Hükümet süreci yürütürken barışı gönülden isteyen iyi niyetli insanların
ittifakı Gezi'ye ve paralel yapının aksiyonlarına rağmen sürüyor. Hdp barajı
aşsa da aşamasa da barışın teminatı farklı kökenlerden gelen ancak aynı
memlekete inanan, memleketlerini seven ittifak içindeki bu insanlardır.
Şöyle bir sahne hayal edelim. Sayın Demirtaş yukarıda söylediklerinin aksine
diyor ki, "barajı geçer ve yüksek oy alırsak ve iktidar partisi de yeterli
oy alamazsa çözüm süreci ve barışı sürdürmek için masaya oturur ve iktidar
partisiyle de diğer partilerle de koalisyon dahil her türlü ihtimali müzakere
ederiz. Çünkü biz,barışçı, çözümcü ve memleketçiyiz". Ben böyle birşey
duymadım, sadece hayal ediyorum. Bu hayal yeni Türkiye'dir. Yeni Türkiye'ye
adapte olmuş, eski zihniyeti terk etmiş, iş yapmak isteyen bir siyasal partinin
sözcüsünün kelamıdır. Halbuki şu sesi duyuyoruz: "iktidar partisi barajı
aşmamızı engelliyor." İyi de nasıl sayın Demirtaş? Barışı istiyoruz
diyorsunuz peki Kobani kışkırtması dışında, -pardon size göre o da devletin provakasyonuydu,
- barış için ne yaptınız?

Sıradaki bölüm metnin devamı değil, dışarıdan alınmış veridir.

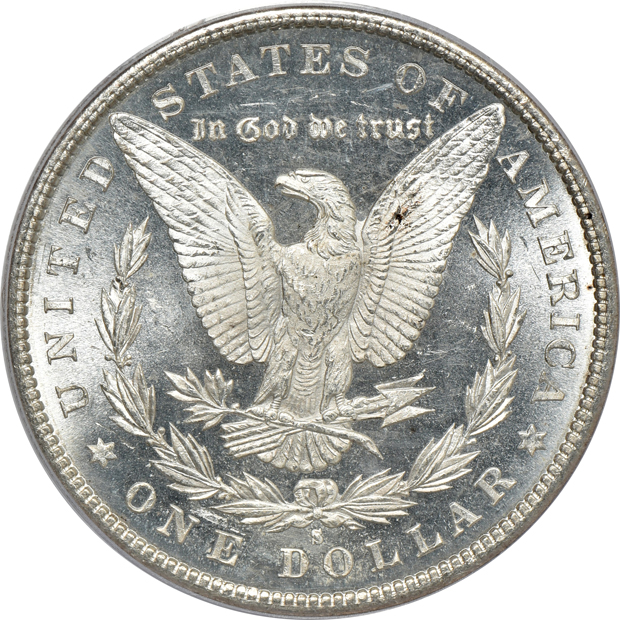 1880-S PCGS MS-66, 1885 PCGS MS-65 (rattler), and a 1903 NGC MS-65, all CAC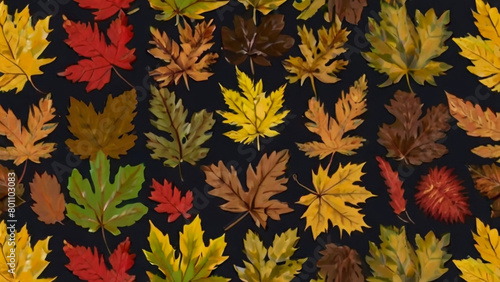 Autumn view from the sky on colorful forests in park Mauricie, Quebec, Canada  © MUHAMMAD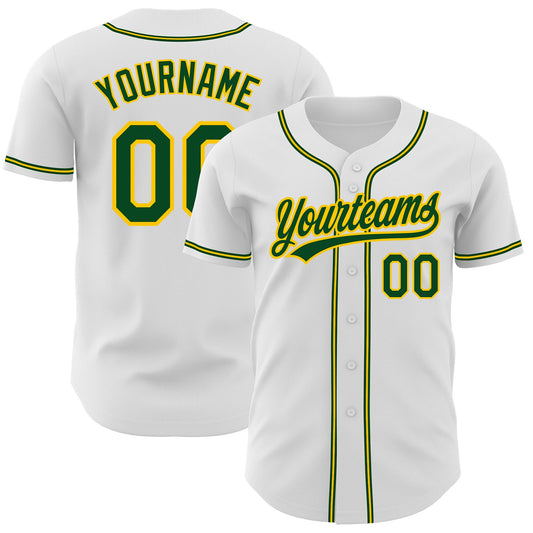 Custom White Green-Gold Authentic Baseball Jersey - Main View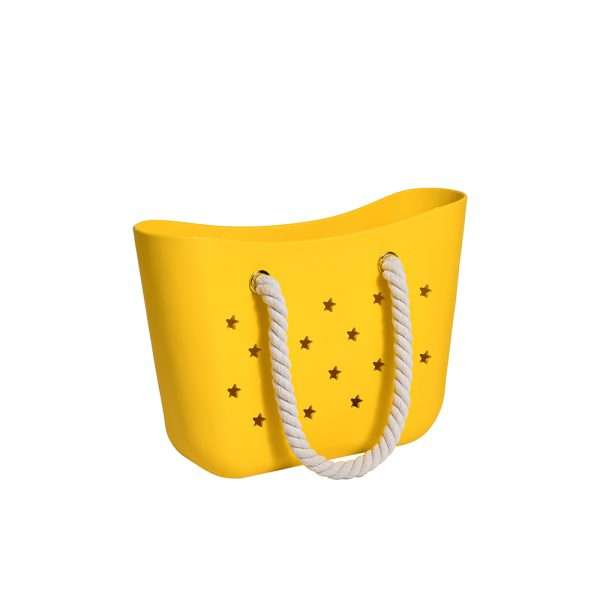 eva rubber tote beach bag with rope by brinebuddy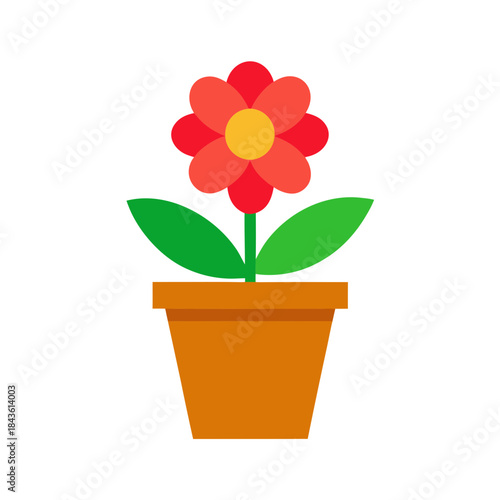 vector clip art flower pot on white background for web and graphic design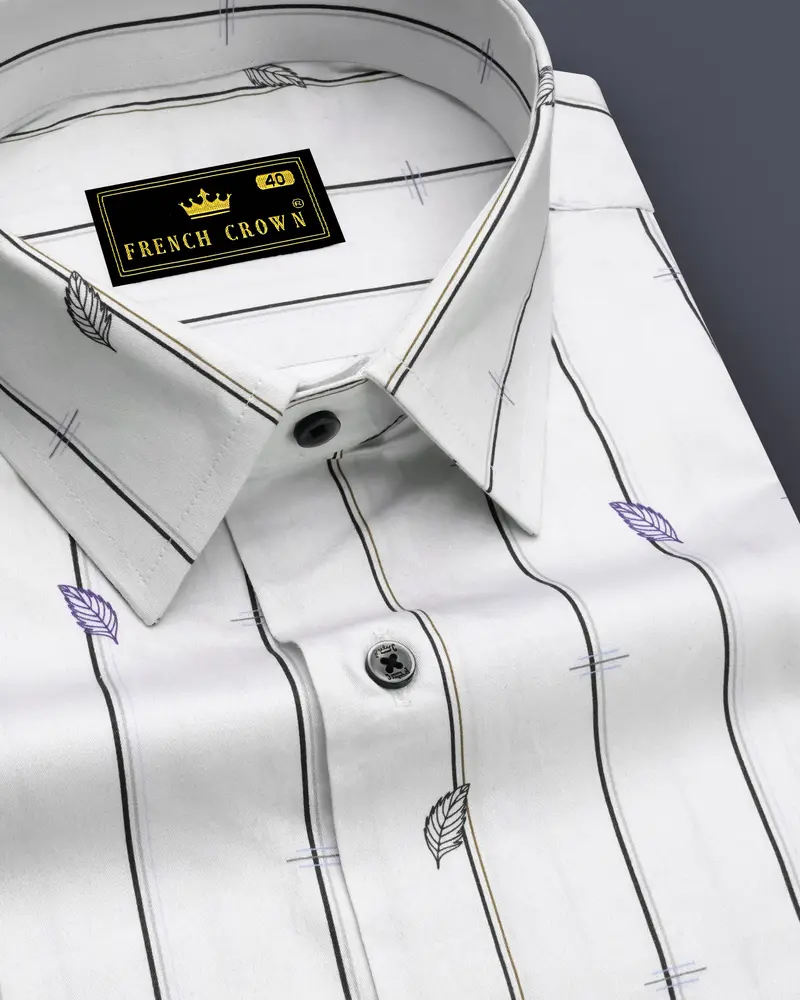 Bright White Striped With Leaves Printed Super Soft Premium Cotton Shirt 1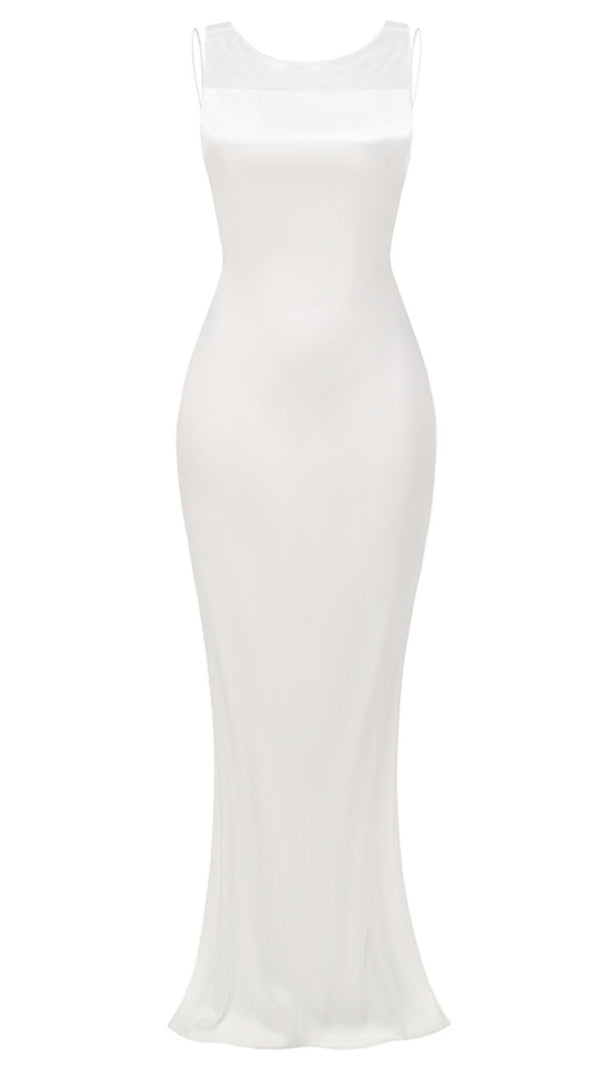 AIIZIE MESH INSERT MAXI DRESS WHITE - product image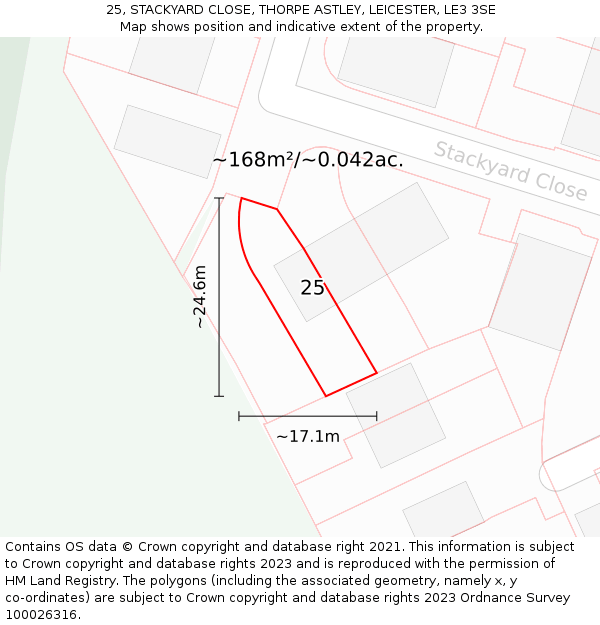25, STACKYARD CLOSE, THORPE ASTLEY, LEICESTER, LE3 3SE: Plot and title map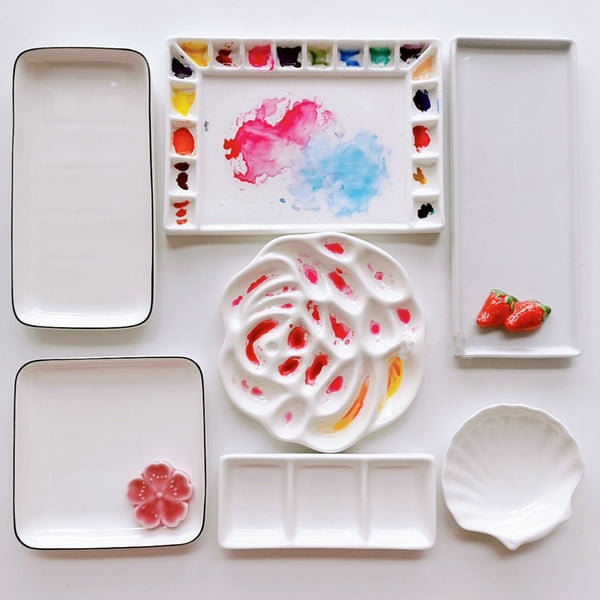 Flower Plum Rectangle Ceramic Palette Color Mixing Paint Palette Tray For  Watercolor Gouache Acrylic Painting Art Supplies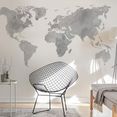 wall-art wandfolie elegante aquarel wereldkaart (1 stuk) grijs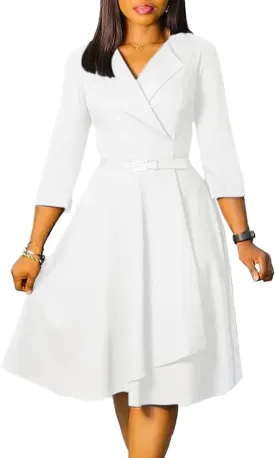 Elainone Women 3/4 Sleeve Casual Swing Flared A Line Dress Wedding Guest Semi Formal Office Work Dresses with Belt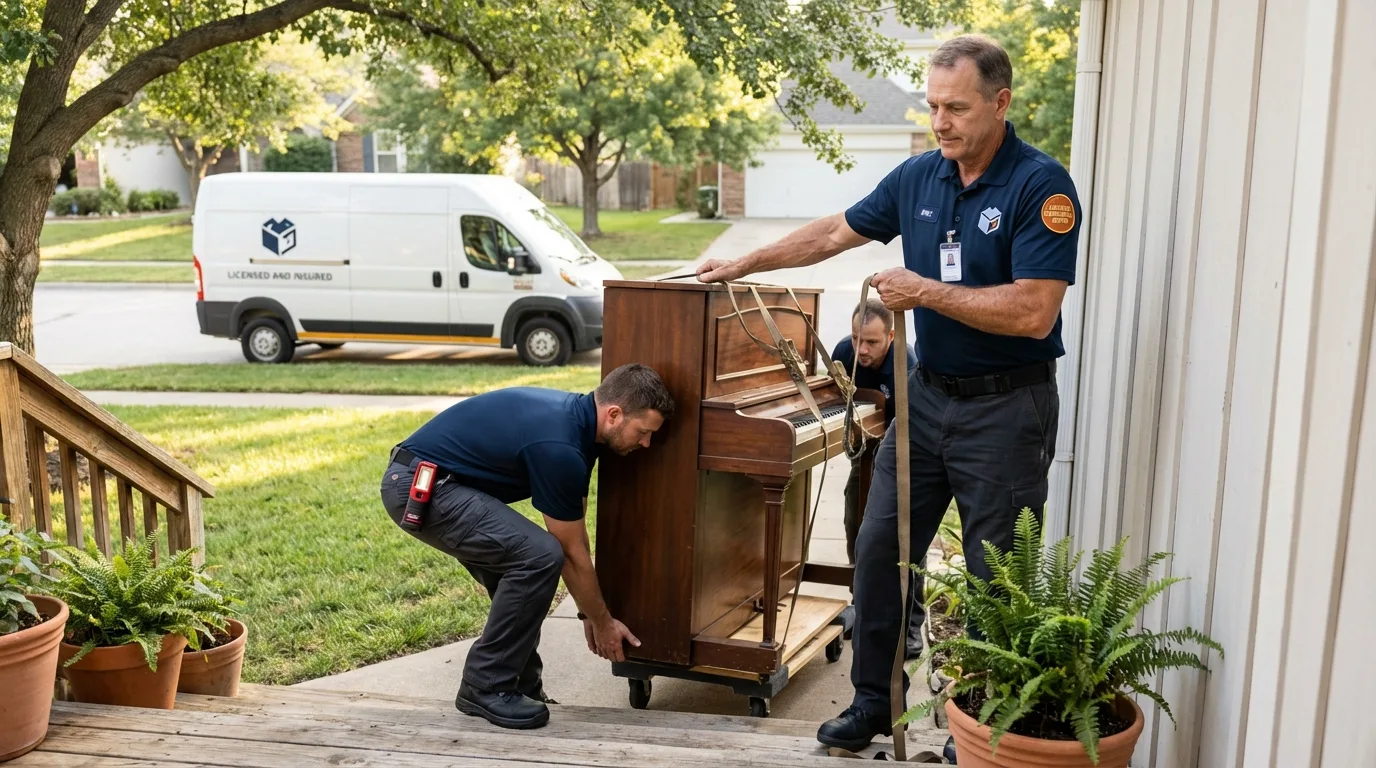 Licensed piano movers securing grand piano in Houghton, MI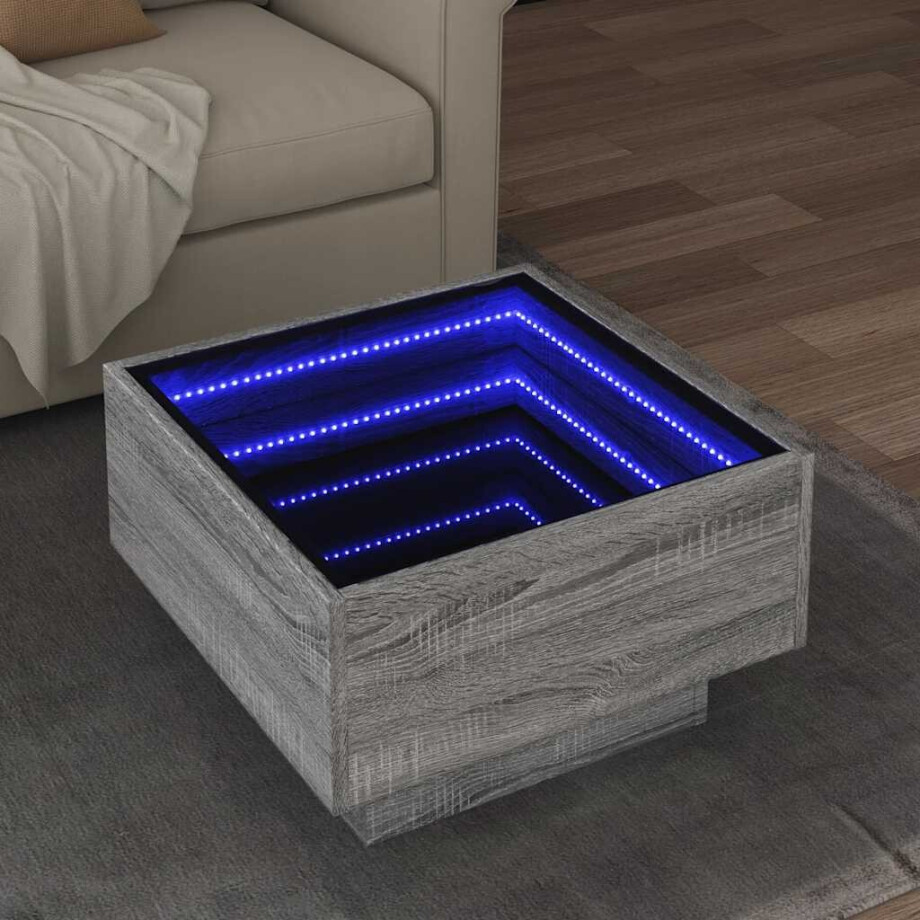 vidaXL Salontafel met LED 50x50x30 cm bewerkt hout grijs sonoma eiken afbeelding 1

Hdp olarak çözüm sürecini eleştirmek dışında bir
katkısı olmayan Chp ve Mhp ile çözüm sürecini nasıl sürdürmeyi düşünüyorsunuz?
Hdp nin meclise barajı geçerek girmesinin kesinlikle karşısında değilim hatta
memleket için hayırlı olabileceğini düşünüyorum fakat isterdim ki Hdp bir
Türkiye partisi olsun. Fakat Hdp nin Chpliliğini ne yapsak? Bir de Kürt
Kemalizmini bu ülke kaldırmaz. Sekülerist kimliğiyle Hdp Kürtlere ve Türklere
barışı ve huzuru değil, anca zorlama ve baskıyı getirir. Sekülarist kürtlerin
dindar kürtler üzerindeki baskısını getirir. Etnik kimlikler vurgusuyla yapılan
siyaset anca kan getirir.
Son beyanlara dikkat edelim. Demirtaş yerli Robin Hood'um diyor. Kurtuluş Tayiz
geçenlerde bu hususta Demirtaş ve Öcalan'ı liderlik konusunda mukayese eden
harikulade bir yazı yazdı ve şöyle dedi: "Selahattin Demirtaş,
HDP'yi "Zenginden alıp fakire veren Robin Hood hareketi" olarak
tanımladı. Demirtaş'ın kendisini Batılı bir kahraman ile özdeşleştirmesi önemli.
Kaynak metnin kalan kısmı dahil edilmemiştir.